In his answer, the Kazakh diplomat highlighted the effort of Astana to maintain balance between the world’s big powers.

“We are very mindful of the differences in terms of the size of the economy, of the population between Kazakhstan and China, but we are firmly of the opinion that we need to continue to develop these trade and economic relations, these political relations, for the benefit of all, not just Kazakhstan and China, but between Kazakhstan and our other partners,” he said.

He further stressed that relations with the EU and US were also seen as a big priority.

“Our goal is to ensure the balance of those relations, politically and economically”, he said, giving as example the biggest sector of the country – oil and gas – where investments have been distributed evenly, China accounting for a quarter of all investments, but the largest investor being the US, and Italy, the UK and France having also a very important share.

Also, he said that the directions of major export pipelines from Kazakhstan were in several directions.

The major export oil pipeline to Russia become operational in 2001, connecting the country’s largest onshore oil field Tengiz with Russia’s Black Sea port of Novorossiysk, but in the meantime an oil pipeline and a gas pipeline were built to supply China, and there were regular transport of oil by tankers across the Caspian Sea to Baku, where the commodity was pumped into the Baku-Tbilisi-Ceyhan pipeline.

“So it’s a very diversified structure, ensuring the economic balance of interests of all the players”, the diplomat said.

In term of political relations, Vassilenko said his country was the first from the former Soviet Union to sign a border delimitation treaty, in 1998.

This was even more important given the border clashes between China and the Soviet Union of 1969-1970 took place on the territory of today’s Kazakhstan, he argued. [The Sino-Soviet border conflict was a seven-month undeclared military conflict between the Soviet Union and China at the height of the Sino-Soviet split in 1969.]

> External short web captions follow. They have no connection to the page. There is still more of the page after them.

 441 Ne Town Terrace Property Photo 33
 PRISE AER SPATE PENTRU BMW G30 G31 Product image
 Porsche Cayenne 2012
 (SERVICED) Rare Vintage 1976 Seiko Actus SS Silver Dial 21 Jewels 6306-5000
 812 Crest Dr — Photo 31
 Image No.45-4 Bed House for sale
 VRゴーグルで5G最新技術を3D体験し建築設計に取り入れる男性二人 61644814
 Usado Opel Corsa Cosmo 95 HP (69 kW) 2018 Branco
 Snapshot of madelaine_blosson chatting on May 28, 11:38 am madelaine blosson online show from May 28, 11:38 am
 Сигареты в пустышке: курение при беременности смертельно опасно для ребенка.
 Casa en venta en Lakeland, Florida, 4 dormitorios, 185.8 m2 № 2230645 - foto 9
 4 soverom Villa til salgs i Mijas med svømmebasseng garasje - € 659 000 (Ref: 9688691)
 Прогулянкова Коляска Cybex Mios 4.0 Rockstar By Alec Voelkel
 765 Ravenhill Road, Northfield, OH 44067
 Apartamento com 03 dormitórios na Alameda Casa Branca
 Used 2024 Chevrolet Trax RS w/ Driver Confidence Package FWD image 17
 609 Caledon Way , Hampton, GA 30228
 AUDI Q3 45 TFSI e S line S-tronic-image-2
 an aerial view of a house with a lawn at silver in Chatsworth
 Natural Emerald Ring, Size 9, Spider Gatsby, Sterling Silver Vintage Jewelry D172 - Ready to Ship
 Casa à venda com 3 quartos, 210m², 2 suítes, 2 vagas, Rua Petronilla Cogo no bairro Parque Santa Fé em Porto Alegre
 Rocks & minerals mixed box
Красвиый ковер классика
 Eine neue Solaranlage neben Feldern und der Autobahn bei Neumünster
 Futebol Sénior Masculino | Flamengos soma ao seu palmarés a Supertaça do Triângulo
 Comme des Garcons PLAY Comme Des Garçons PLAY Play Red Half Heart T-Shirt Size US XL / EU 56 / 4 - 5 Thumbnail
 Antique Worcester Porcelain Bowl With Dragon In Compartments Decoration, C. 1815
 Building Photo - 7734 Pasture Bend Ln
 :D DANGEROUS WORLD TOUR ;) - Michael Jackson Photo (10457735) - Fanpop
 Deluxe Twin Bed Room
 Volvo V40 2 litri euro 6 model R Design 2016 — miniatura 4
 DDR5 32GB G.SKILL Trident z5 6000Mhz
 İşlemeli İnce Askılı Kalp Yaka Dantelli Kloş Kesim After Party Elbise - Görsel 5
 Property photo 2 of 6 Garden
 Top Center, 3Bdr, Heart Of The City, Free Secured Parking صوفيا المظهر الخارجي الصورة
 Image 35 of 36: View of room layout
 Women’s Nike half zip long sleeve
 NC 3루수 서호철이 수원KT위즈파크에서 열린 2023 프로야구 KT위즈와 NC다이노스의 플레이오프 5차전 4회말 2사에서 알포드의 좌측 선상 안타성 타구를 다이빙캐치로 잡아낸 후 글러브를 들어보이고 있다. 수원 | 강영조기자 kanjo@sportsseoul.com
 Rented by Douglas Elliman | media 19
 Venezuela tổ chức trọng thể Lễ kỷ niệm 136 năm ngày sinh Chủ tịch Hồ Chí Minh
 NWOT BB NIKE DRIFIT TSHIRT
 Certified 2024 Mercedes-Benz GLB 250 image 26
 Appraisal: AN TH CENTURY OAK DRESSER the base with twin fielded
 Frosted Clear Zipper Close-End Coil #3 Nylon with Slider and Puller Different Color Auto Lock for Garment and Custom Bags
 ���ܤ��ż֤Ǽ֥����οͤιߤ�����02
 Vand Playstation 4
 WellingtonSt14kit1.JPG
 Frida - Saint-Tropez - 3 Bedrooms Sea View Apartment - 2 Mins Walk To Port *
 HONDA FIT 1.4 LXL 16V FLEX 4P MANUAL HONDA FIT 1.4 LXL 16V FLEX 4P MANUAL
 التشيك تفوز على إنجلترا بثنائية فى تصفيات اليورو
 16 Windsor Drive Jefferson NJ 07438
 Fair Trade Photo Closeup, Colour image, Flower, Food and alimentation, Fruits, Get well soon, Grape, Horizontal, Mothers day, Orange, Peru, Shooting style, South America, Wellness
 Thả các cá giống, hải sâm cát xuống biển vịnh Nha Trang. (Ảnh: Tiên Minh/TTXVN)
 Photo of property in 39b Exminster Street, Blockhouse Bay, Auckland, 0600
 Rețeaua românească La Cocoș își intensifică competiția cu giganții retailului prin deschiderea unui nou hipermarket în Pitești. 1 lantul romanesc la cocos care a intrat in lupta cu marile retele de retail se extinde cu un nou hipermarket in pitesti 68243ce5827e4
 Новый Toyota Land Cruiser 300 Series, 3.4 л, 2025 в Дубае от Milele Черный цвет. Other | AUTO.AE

He also reminded that his country was among the countries who established in 1996 the Shanghai Cooperation Organization [with Russia, China, Kyrgyzstan, Tajikistan], as a structure serving as a mechanism for jointly addressing common issues, developing not just security cooperation, as it was the case originally, but also economic cooperation.

Vassilenko said he will make an excursion in history to better explain the importance of such an organization. When SCO was established by the five countries mentioned [China plus four countries bordering it], one of the first decision was to withdraw troops, as a confidence-building measure, at 100 kilometers from the respective border.

“So it’s a combination of economic policies, political interaction and international structures that we seek to develop as the overall framework for stable, sustainable and mutual beneficial relations with China”, he said.